Tanrım, o günü iyi hatırlıyorum. Büroda oturmuş arkadaşımı bekliyordum. Birkaç dakika sonra o gelmişti bile. Ona "Hey, kettlea basıp bir kahveye yapmaya ne dersin?" diye sordum. O Da "Dostum kulağa hoş geliyor." dedi ve kahveyi yapmaya koyuldu.
Aradan geçen 10 lanet dakika ardından nihayet kahveler hazırdı. Ancak sıcak içecekleri çok sıcak içemezdim, evet bu doğru. Bunu yapamıyordum. Bu yüzden üzerine soğuk su ilave etmek istedim fakat soğuk su kalmamıştı. Masanın üzerinde duran kasabanın güneyinden bir dostumun getirdiği pekmezi kahveye karıştırmaya karar verdim.

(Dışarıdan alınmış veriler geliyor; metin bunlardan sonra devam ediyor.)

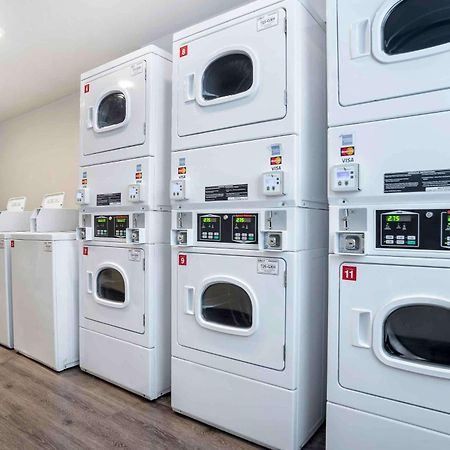 Extended Stay America Select Suites - Pensacola - Northeast Ferry Pass エクステリア 写真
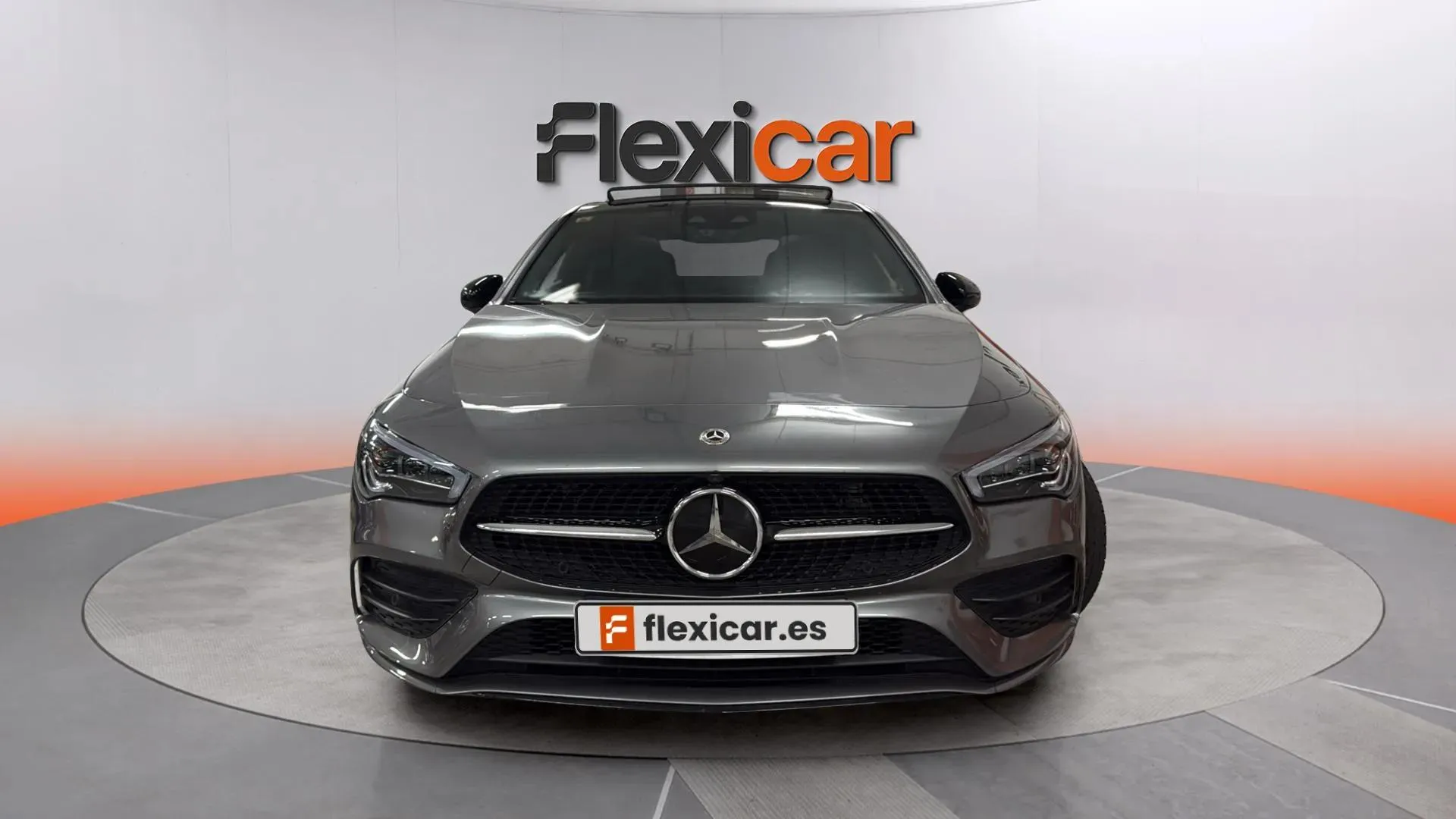 Mercedes-Benz CLA 200 - foto 2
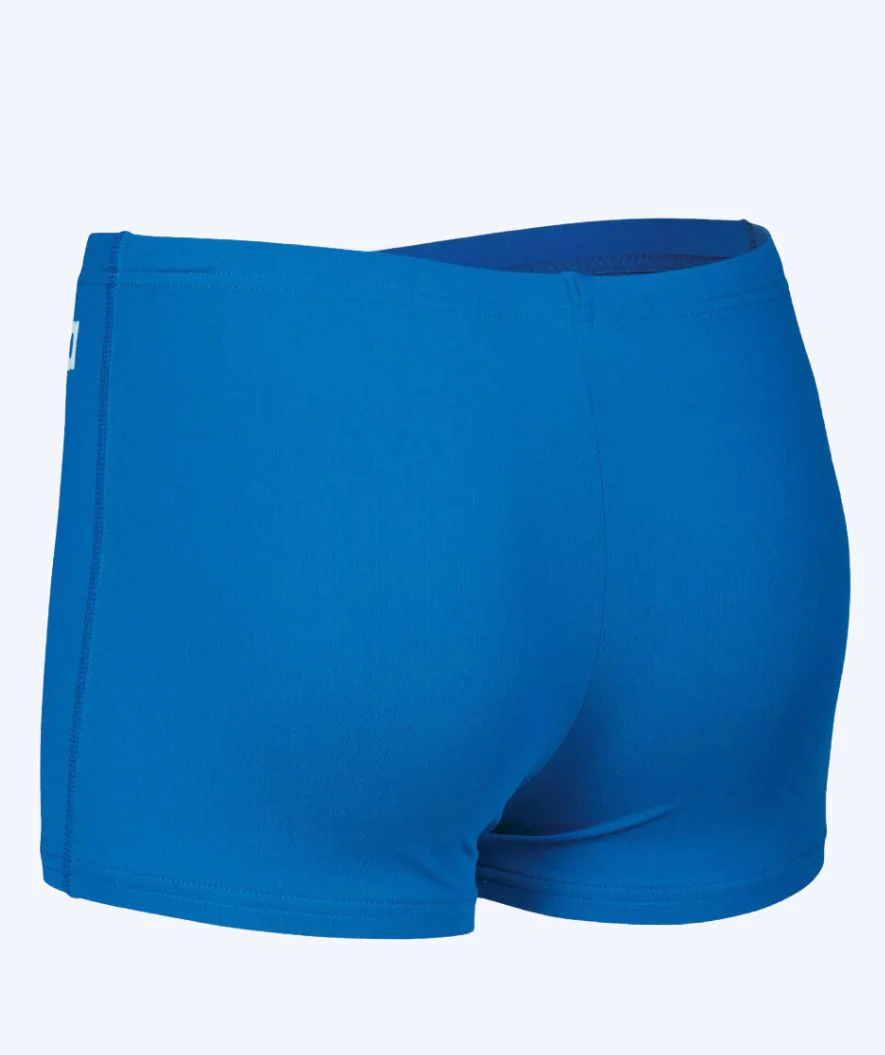 Arena aquashorts for boys - Team Solid - Blue - Image 4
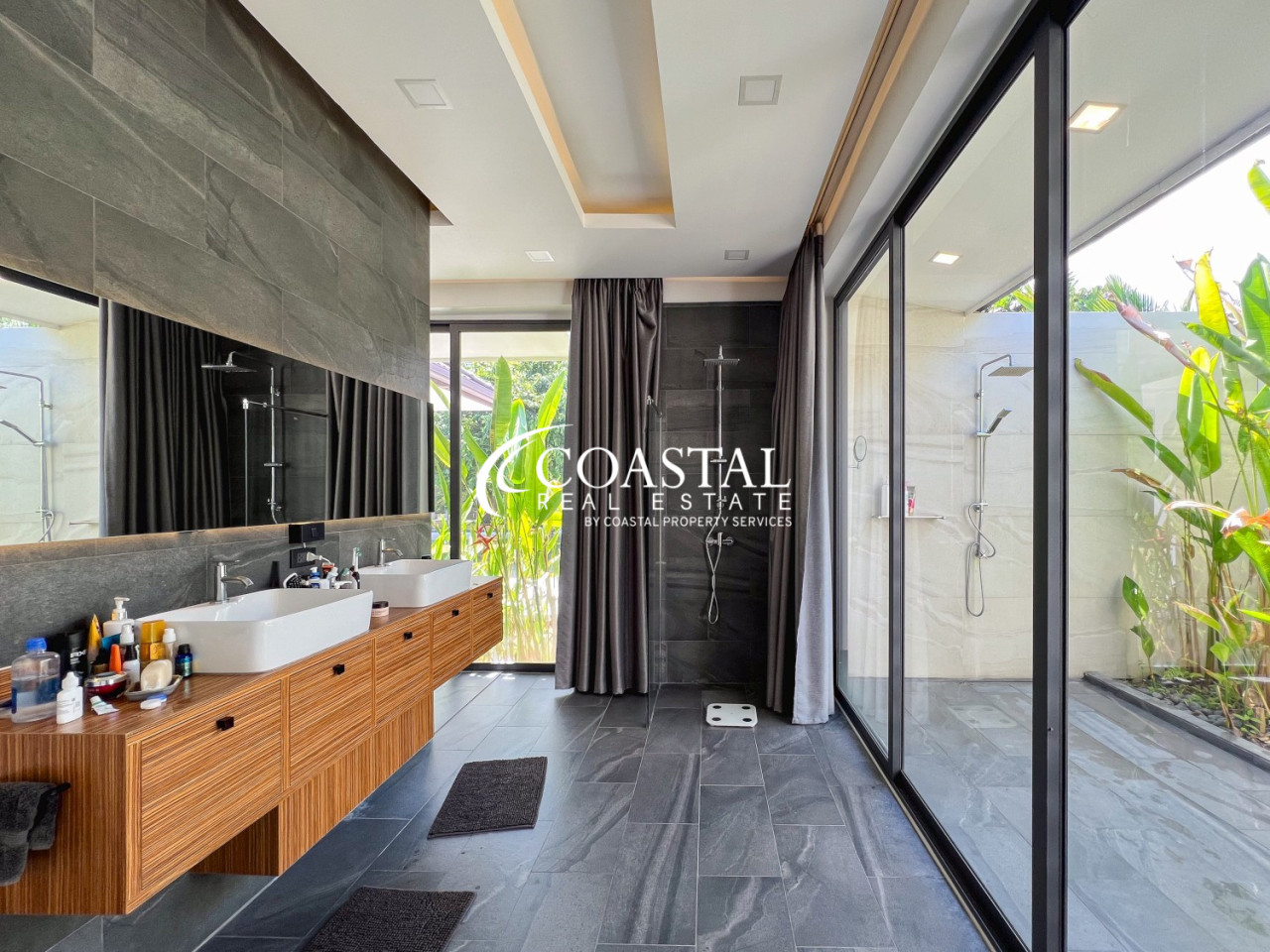 บ้านสำหรับขายที่ห้วยใหญ่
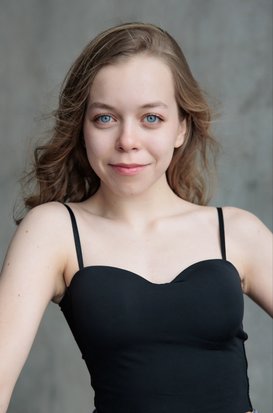 Мария Ильина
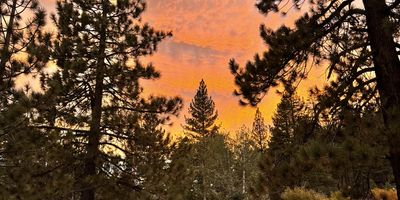 September Might Be Tahoe's Most Underrated Month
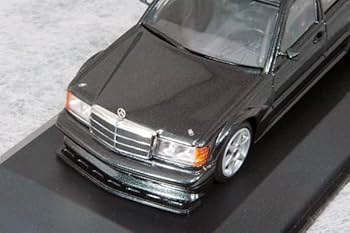 Amazon | ○ 1/43 メルセデス ベンツ 〓 190E 2.5-16 EVO 2 / 1990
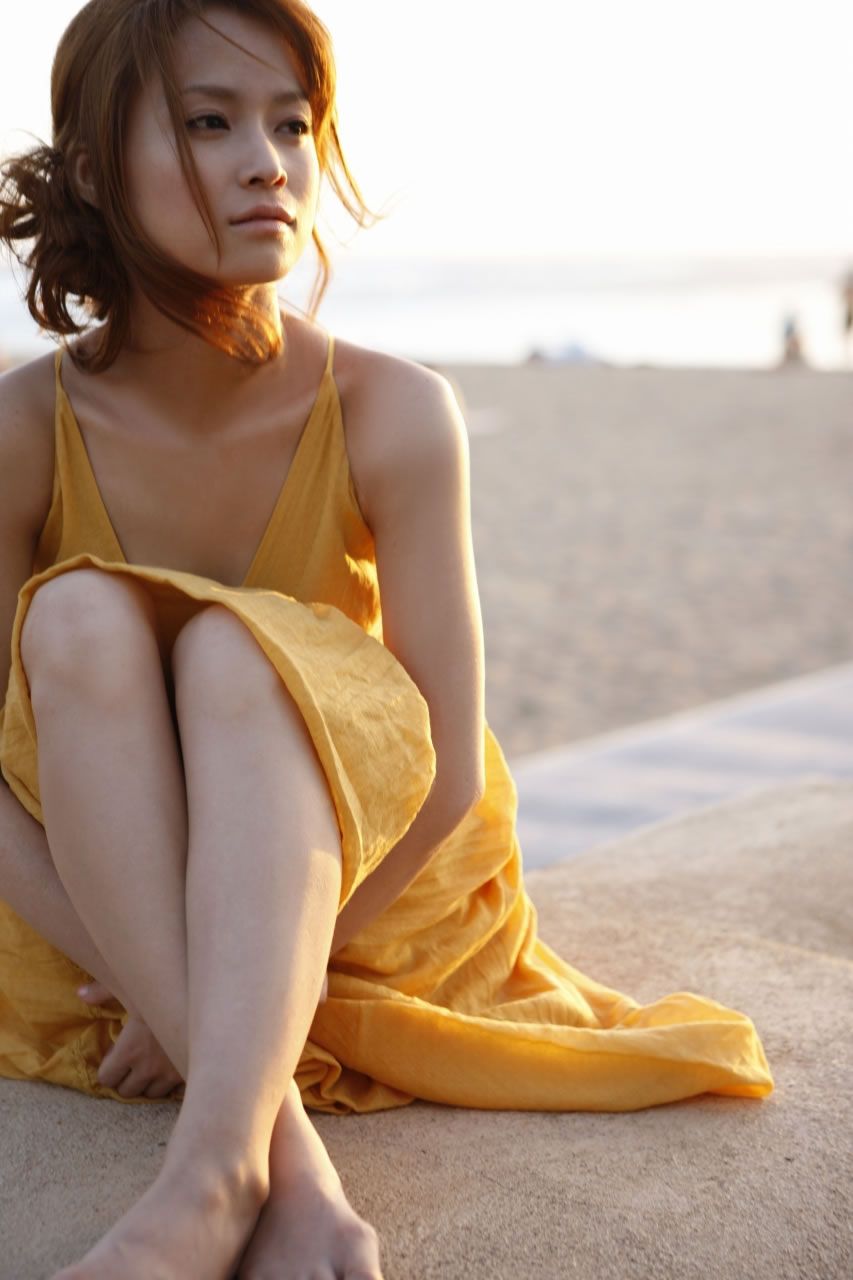 [Hello! Project Digital Books] No.72 Eri Kamei 亀井絵里 [120P]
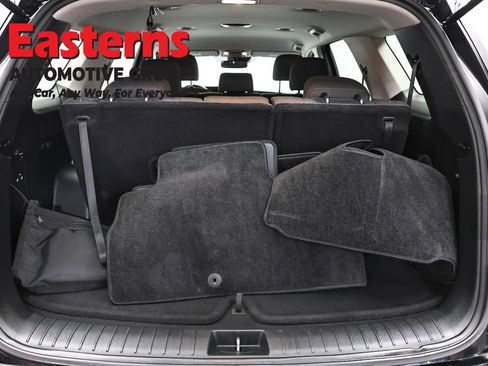 Used 2022 Hyundai Palisade SE AWD/4WD image 9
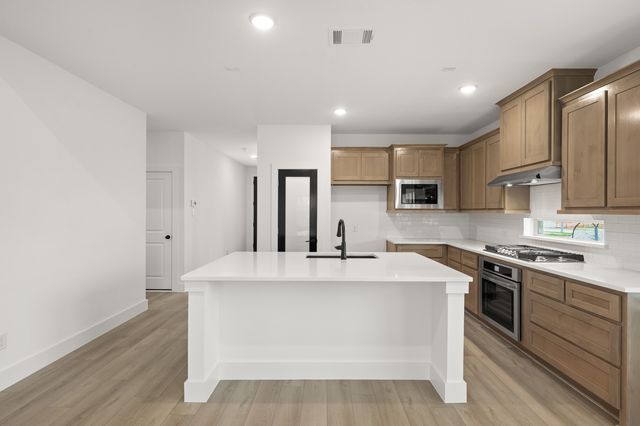 6732 Golden Grove Boulevard, Fort Worth, TX 76123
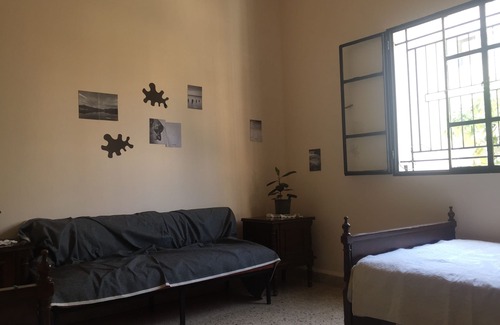 Halat House | travellers travelling house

Ne derler bilirsiniz: tahin pekmez, başka gitmez. Ama bu yargılar esnekti, tanrı biliyor ya ön yargılıydım. Yine de içmeye karar verdim. Ve o da ne, bu pekmezli kahve farklı ve harika olmuştu.
O gün buna yaratıcı bir isim bulmaya karar verdim ve pekmezli kahve dedim. Hadi, durmayın, siz de deneyin.